По усмирении бунта Петр Дмитриевич Еропкин послал донесение императрице, испрашивая прощение за кровопролитие.
Государыня милостиво отнеслась к поступку Еропкина и наградила его андреевскою лентою через плечо, дала 20 000 рублей из кабинета и хотела пожаловать ему четыре тысячи душ крестьян, но он от последнего отказался, написав: «Нас с женой только двое, детей у нас нет, состояние имеем, к чему же нам набирать себе лишнее».
Вскоре по усмирении бунта в Москву прибыл присланный императрицей Екатериной князь Григорий Григорьевич Орлов. Он приехал в столицу 26 сентября, когда стояли ранние холода и чума уже заметно ослабевала. Вместе с князем Орловым прибыли команды от четырех полков лейб-гвардии с необходимом числом офицеров.
По распоряжению князя состоялось 4 октября торжественнее погребение убитого митрополита Амвросия. Префект московской духовной академии Амвросий на похоронах сказал замечательное слово.
В течение целого года покойного поминали во все службы, а убийцам провозглашалась «анафема».

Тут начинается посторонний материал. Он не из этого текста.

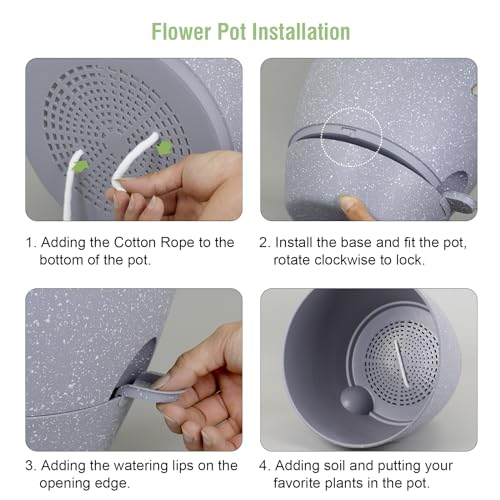 Meowell 12 inch Large Self Watering Pots, Plant Pots with Mesh Drainage Holes for Indoor Outdoor Plants, Plastic Planters with Deep Reservoir for Garden House Flower Plants, Speckled Grey - color: Speckled Grey, size: 12inch B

Казнь над преступниками была совершена 21 ноября. Убийцы Василий Андреев и Иван Дмитриев были повешены на том самом месте, где совершено убийство. К виселице были приговорены еще двое — Алексей Леонтьев и Федор Деянов, но виселица должна была достаться одному из них по жребию.
Остальных шестьдесят человек: купцов, дьячков, дворян, подьячих, крестьян и солдат били кнутом, вырезали ноздри и сослали на каторгу в Рогервик. Захваченных на улицах малолетних высекли розгами, а двенадцать человек, огласивших мнимое чудо, сослали вечно на галеры, с вырезанием ноздрей. Сновидец Григорий Павлов, несмотря на все принятые меры, разыскан не был. Он как в воду канул.
На месте, где был убит архиепископ Амвросий, в память этого прискорбного случая был поставлен каменный крест. К тому же времени относится приказ прекратить набатный звон по церквам и ключи от колоколен иметь у священников.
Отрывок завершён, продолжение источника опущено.